WORK REQUEST ▸ In the material below, find the line with "Jadwal MPLS 2023-2024" and the line with "GTAVRP T3.5 #22". Output exactly those two lines and all lines between them, leaving out pictures.

SOURCE DATA ▸
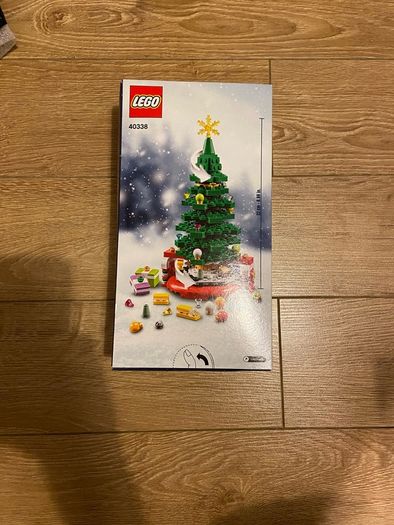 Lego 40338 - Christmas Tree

* * *

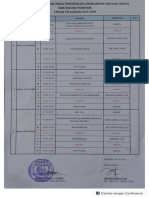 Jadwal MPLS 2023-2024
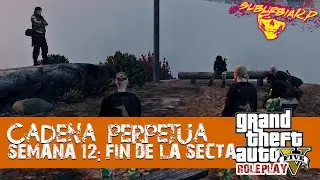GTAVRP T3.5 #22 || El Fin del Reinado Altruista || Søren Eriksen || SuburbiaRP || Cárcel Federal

OUTPUT FOR THIS TASK ▸
 Jadwal MPLS 2023-2024
GTAVRP T3.5 #22 || El Fin del Reinado Altruista || Søren Eriksen || SuburbiaRP || Cárcel Federal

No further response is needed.